A member of the parsley family, this biennial is native to Asia Minor but now grows widely throughout the world. Caraway seed (which technically is a fruit) has been used medicinally and in cooking since at least 3500 BCE. This herb is one of the few whose primary medicinal use (as a digestive aid) has remained the same throughout history.
English physician Nicholas Culpeper (1616–1654) mentions that it is one of the most celebrated carminatives (gas-relieving remedies), and herbalist John Gerard (1545–1611) suggests that it be used as part of a mixture of herbs to treat “dropsie,” or edema of the soft tissue, such as occurs with congestive heart failure.
Common Name: Caraway
Description: Hollow, grooved stems, up to 2 feet tall, topped with white or pink flower umbels; finely cut leaves, 6 to 10 inches long; oblong seeds with distinct, pale ridges
Hardiness: Annual or biennial; hardy to Zone 3
Parts Used: Leaves, seeds, and roots
Range/Habitat: Native to Asia Minor, widely naturalized in North America and Europe
Every part of the caraway plant is edible. Caraway seeds are popular in the cuisines of Germany, Austria, and Hungary, where they are used to flavor cheeses, breads (especially rye), meats, stews, vegetables, sauerkraut, and pickling brines. The minced fresh leaves, which have a mild flavor similar to the seeds, can be added to salads, soups, and casseroles. Even the root can be used, steamed, pureed, or chopped, and added to winter stews. Caraway seed can become bitter if cooked for too long; add it only during the last few minutes of cooking.

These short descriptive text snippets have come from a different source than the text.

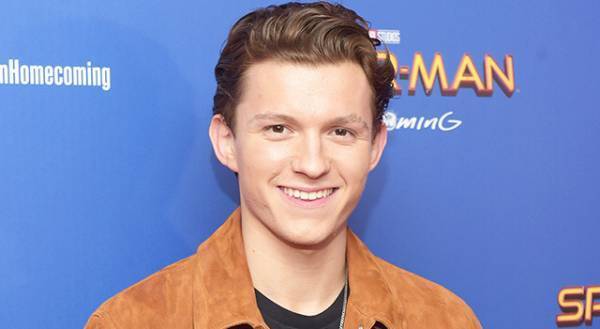 スパイダーマンが大好き！トム・ホランドの自宅は「スパイダーマン聖堂」!?
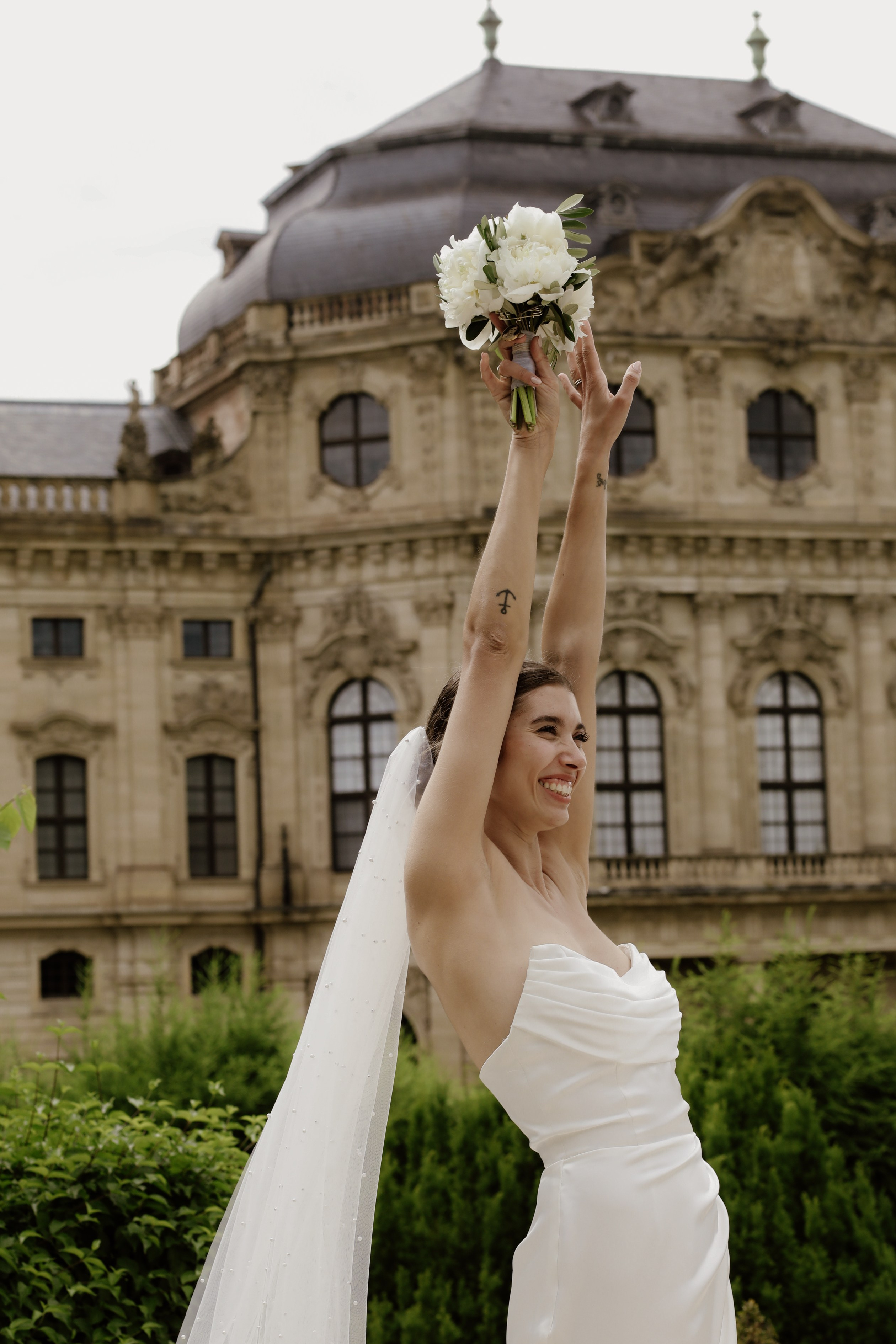 Hochzeitsfotograf in Würzburg - authentische Hochzeitsbilder in der Würzburger Residenz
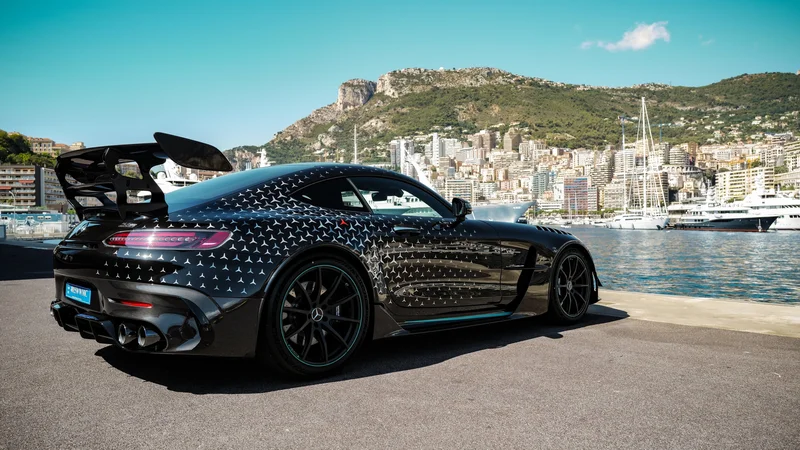 Fotografija: Valtteri Bottas se je nadvse razveselil mercedesa AMG GT Black Serie. FOTO: Twitter V. B.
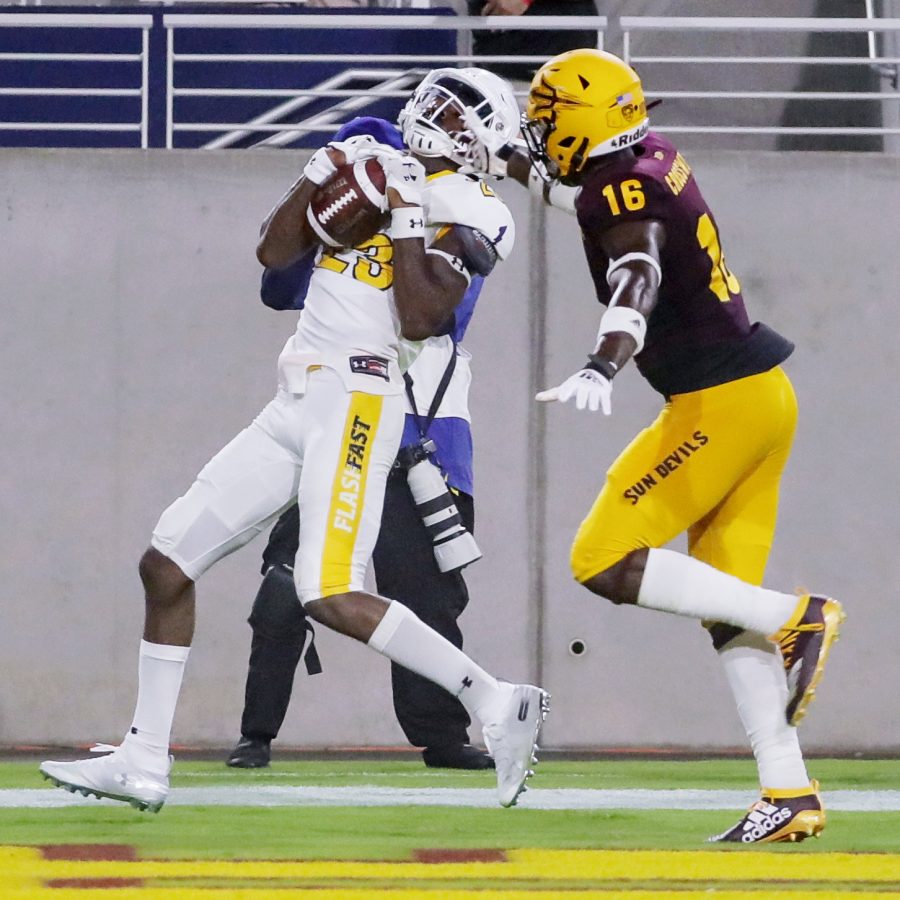TEMPE%2C+AZ+-+AUGUST+29%3A+Kent+State+Golden+Flashes+wide+receiver+Isaiah+McKoy+%2823%29+catches+a+touchdown+pass+during+the+college+football+game+between+the+Kent+State+Golden+Flashes+and+the+Arizona+State+Sun+Devils+on+August+29%2C+2019+at+Sun+Devil+Stadium+in+Tempe%2C+Arizona.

The volatile oil of caraway smells sweet and peppery; it contains the compounds carvol and carvene, which account for its ability to soothe your digestive tract and help expel intestinal gas. The herb has a long history of use for the treatment of flatulence and colic in babies. Caraway also has antispasmodic properties and may be useful in the treatment of menstrual cramps and diarrhea. The aroma of the oil is said to be calming and soothing.
Caution: Pregnant or nursing women should avoid medicinal doses of caraway, though small amounts used in cooking are not harmful. If administering the herb to colicky infants, use a diluted infusion.
How to grow it
Caraway is easy to grow in fertile, well-drained soil and full sun. Plant the seed directly in your garden in spring or early fall; caraway does not transplant well. Gather the ripe seed heads just as they turn brown. Snip entire stems and hang them upside down over a paper-lined tray to finish drying. After a few weeks, when the seeds are completely dry, store them in an airtight container for future use. Propagate new plants from some of the collected seeds.